**WORK ITEM:** Look below for the line containing "1677 Scarbrough Circle Property Photo 12". Reproduce it and every line after it exactly, and nothing more.

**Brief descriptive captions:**
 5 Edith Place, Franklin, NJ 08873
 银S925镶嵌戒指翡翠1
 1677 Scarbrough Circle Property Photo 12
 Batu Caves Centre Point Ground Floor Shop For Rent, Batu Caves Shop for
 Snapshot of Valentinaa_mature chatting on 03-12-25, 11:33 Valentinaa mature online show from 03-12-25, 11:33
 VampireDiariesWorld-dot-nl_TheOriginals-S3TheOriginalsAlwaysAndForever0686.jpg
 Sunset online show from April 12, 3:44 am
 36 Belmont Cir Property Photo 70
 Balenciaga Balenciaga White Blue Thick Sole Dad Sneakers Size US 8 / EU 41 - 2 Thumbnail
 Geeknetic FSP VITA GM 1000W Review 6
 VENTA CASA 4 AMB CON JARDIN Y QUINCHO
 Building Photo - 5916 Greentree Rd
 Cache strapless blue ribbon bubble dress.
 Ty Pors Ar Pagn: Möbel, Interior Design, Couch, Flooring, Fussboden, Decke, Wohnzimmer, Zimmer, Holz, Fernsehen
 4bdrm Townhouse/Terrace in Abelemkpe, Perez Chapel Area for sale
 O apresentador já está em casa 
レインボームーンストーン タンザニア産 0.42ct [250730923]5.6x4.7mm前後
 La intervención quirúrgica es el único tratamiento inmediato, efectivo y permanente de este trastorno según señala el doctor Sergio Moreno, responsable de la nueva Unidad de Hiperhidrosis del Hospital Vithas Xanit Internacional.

**OUTPUT OF THE EXERCISE:**
 1677 Scarbrough Circle Property Photo 12
 Batu Caves Centre Point Ground Floor Shop For Rent, Batu Caves Shop for
 Snapshot of Valentinaa_mature chatting on 03-12-25, 11:33 Valentinaa mature online show from 03-12-25, 11:33
 VampireDiariesWorld-dot-nl_TheOriginals-S3TheOriginalsAlwaysAndForever0686.jpg
 Sunset online show from April 12, 3:44 am
 36 Belmont Cir Property Photo 70
 Balenciaga Balenciaga White Blue Thick Sole Dad Sneakers Size US 8 / EU 41 - 2 Thumbnail
 Geeknetic FSP VITA GM 1000W Review 6
 VENTA CASA 4 AMB CON JARDIN Y QUINCHO
 Building Photo - 5916 Greentree Rd
 Cache strapless blue ribbon bubble dress.
 Ty Pors Ar Pagn: Möbel, Interior Design, Couch, Flooring, Fussboden, Decke, Wohnzimmer, Zimmer, Holz, Fernsehen
 4bdrm Townhouse/Terrace in Abelemkpe, Perez Chapel Area for sale
 O apresentador já está em casa 
レインボームーンストーン タンザニア産 0.42ct [250730923]5.6x4.7mm前後
 La intervención quirúrgica es el único tratamiento inmediato, efectivo y permanente de este trastorno según señala el doctor Sergio Moreno, responsable de la nueva Unidad de Hiperhidrosis del Hospital Vithas Xanit Internacional.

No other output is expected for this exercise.